Awards and Chart Positions
No reliable chart record for "One Moment" as a standalone release surfaced in the sources checked. The awards trail belongs to the musical rather than the individual song. That is typical for a cast-recording ballad like this - its reputation lives through performance, not radio metrics or chart runs.
Additional Info
- The final Garrick song list places "One Moment" as Act I, song four, right after "Jailcraft" and before "A Life of Grime."
- Streaming and retail metadata consistently list Caroline Head as the lead vocal for the track, which aligns with the song's identity as Nikki Wade's solo.
- According to Qsulis, the song works as Nikki's lament about her lot and her inability to control her temper, which neatly captures its dramatic job.

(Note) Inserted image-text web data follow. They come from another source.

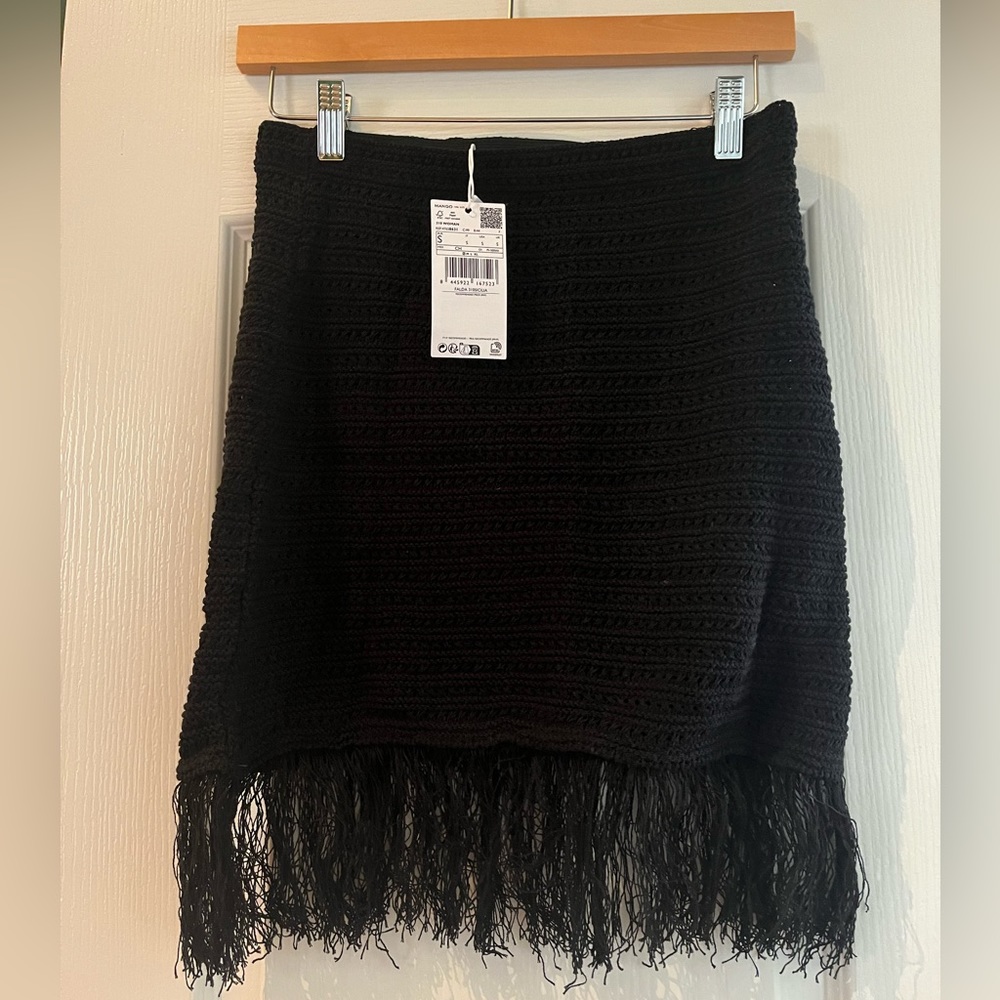 NWT MANGO Super Cute Fringed miniskirt Small
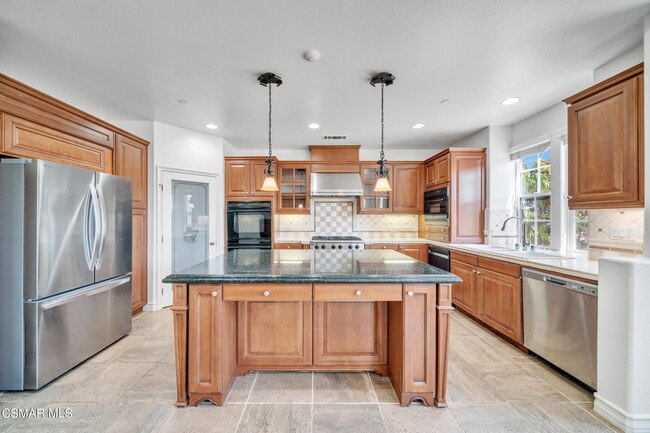 Building Photo - 765 Coral Ridge Ct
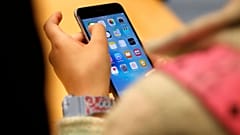 غرامت ۵۰۰ دلاری اپل به کاربران برای کند کردن عمدی آیفون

- A 2024 review of a revival still singled out "One Moment" as one of Nikki's standout vocal scenes, which says the number remains a reliable character anchor in performance.
Key Contributors
| Entity | Type | Relationship |
|---|---|---|
| Kath Gotts | Person | Kath Gotts wrote the music and lyrics and is credited on the track. |
| Caroline Head | Person | Caroline Head sings the cast-recording lead for "One Moment" and performs Nikki Wade in the number's dramatic context. |
| Maureen Chadwick | Person | Maureen Chadwick co-wrote the musical's book and co-created the source television drama. |
| Ann McManus | Person | Ann McManus co-wrote the musical's book and co-created the source television drama. |
| Bad Girls: The Musical | Work | The song appears in Act I of the stage musical. |
| Nikki Wade | Character | Nikki Wade is the central voice and dramatic focus of the song. |
| Garrick Theatre | Venue | The final West End version was staged at the Garrick Theatre. |
| First Night Records | Organization | First Night Records released the Original London Cast Recording. |
Sources
Data verified via MTI show materials and song list, Apple Music, Qobuz, Spotify, and Amazon Music cast-recording metadata, synopsis pages for the Garrick version, and review coverage discussing Nikki Wade's ballad and its place in the show.